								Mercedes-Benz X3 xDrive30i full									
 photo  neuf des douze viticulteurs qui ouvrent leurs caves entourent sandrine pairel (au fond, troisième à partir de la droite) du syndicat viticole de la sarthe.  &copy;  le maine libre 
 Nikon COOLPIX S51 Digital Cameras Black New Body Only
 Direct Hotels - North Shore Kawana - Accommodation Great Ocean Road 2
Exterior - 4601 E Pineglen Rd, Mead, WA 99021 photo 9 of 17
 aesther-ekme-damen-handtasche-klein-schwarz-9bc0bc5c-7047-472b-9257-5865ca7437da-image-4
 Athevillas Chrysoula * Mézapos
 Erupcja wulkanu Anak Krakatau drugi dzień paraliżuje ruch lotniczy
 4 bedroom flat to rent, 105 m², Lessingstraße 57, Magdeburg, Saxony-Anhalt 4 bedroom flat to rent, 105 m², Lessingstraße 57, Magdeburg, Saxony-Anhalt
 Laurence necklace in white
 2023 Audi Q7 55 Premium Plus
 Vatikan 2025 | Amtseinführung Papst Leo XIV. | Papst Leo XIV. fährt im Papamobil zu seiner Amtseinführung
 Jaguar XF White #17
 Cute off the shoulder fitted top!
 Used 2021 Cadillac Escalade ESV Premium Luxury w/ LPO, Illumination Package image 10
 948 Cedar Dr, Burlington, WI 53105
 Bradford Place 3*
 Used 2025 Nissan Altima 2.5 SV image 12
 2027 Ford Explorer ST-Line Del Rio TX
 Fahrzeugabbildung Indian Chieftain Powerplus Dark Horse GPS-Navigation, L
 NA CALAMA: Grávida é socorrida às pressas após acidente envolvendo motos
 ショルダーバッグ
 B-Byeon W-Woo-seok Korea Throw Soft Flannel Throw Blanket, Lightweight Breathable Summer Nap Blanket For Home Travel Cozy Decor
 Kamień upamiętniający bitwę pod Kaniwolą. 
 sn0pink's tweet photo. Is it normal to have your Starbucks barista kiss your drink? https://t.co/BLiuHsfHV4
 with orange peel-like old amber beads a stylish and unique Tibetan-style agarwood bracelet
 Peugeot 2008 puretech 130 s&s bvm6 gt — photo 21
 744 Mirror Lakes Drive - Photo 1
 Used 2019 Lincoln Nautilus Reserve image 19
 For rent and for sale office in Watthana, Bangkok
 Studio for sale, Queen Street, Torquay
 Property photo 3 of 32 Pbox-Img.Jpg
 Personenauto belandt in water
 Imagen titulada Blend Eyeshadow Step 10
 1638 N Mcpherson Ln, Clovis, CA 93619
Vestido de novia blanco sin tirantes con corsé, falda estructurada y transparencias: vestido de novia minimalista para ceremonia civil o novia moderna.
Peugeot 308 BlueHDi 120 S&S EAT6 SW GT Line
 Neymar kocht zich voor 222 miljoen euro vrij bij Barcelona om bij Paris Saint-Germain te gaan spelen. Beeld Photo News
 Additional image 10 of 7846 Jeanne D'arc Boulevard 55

__________

Every record above must be duplicated exactly.

								Mercedes-Benz X3 xDrive30i full									
 photo  neuf des douze viticulteurs qui ouvrent leurs caves entourent sandrine pairel (au fond, troisième à partir de la droite) du syndicat viticole de la sarthe.  &copy;  le maine libre 
 Nikon COOLPIX S51 Digital Cameras Black New Body Only
 Direct Hotels - North Shore Kawana - Accommodation Great Ocean Road 2
Exterior - 4601 E Pineglen Rd, Mead, WA 99021 photo 9 of 17
 aesther-ekme-damen-handtasche-klein-schwarz-9bc0bc5c-7047-472b-9257-5865ca7437da-image-4
 Athevillas Chrysoula * Mézapos
 Erupcja wulkanu Anak Krakatau drugi dzień paraliżuje ruch lotniczy
 4 bedroom flat to rent, 105 m², Lessingstraße 57, Magdeburg, Saxony-Anhalt 4 bedroom flat to rent, 105 m², Lessingstraße 57, Magdeburg, Saxony-Anhalt
 Laurence necklace in white
 2023 Audi Q7 55 Premium Plus
 Vatikan 2025 | Amtseinführung Papst Leo XIV. | Papst Leo XIV. fährt im Papamobil zu seiner Amtseinführung
 Jaguar XF White #17
 Cute off the shoulder fitted top!
 Used 2021 Cadillac Escalade ESV Premium Luxury w/ LPO, Illumination Package image 10
 948 Cedar Dr, Burlington, WI 53105
 Bradford Place 3*
 Used 2025 Nissan Altima 2.5 SV image 12
 2027 Ford Explorer ST-Line Del Rio TX
 Fahrzeugabbildung Indian Chieftain Powerplus Dark Horse GPS-Navigation, L
 NA CALAMA: Grávida é socorrida às pressas após acidente envolvendo motos
 ショルダーバッグ
 B-Byeon W-Woo-seok Korea Throw Soft Flannel Throw Blanket, Lightweight Breathable Summer Nap Blanket For Home Travel Cozy Decor
 Kamień upamiętniający bitwę pod Kaniwolą. 
 sn0pink's tweet photo. Is it normal to have your Starbucks barista kiss your drink? https://t.co/BLiuHsfHV4
 with orange peel-like old amber beads a stylish and unique Tibetan-style agarwood bracelet
 Peugeot 2008 puretech 130 s&s bvm6 gt — photo 21
 744 Mirror Lakes Drive - Photo 1
 Used 2019 Lincoln Nautilus Reserve image 19
 For rent and for sale office in Watthana, Bangkok
 Studio for sale, Queen Street, Torquay
 Property photo 3 of 32 Pbox-Img.Jpg
 Personenauto belandt in water
 Imagen titulada Blend Eyeshadow Step 10
 1638 N Mcpherson Ln, Clovis, CA 93619
Vestido de novia blanco sin tirantes con corsé, falda estructurada y transparencias: vestido de novia minimalista para ceremonia civil o novia moderna.
Peugeot 308 BlueHDi 120 S&S EAT6 SW GT Line
 Neymar kocht zich voor 222 miljoen euro vrij bij Barcelona om bij Paris Saint-Germain te gaan spelen. Beeld Photo News
 Additional image 10 of 7846 Jeanne D'arc Boulevard 55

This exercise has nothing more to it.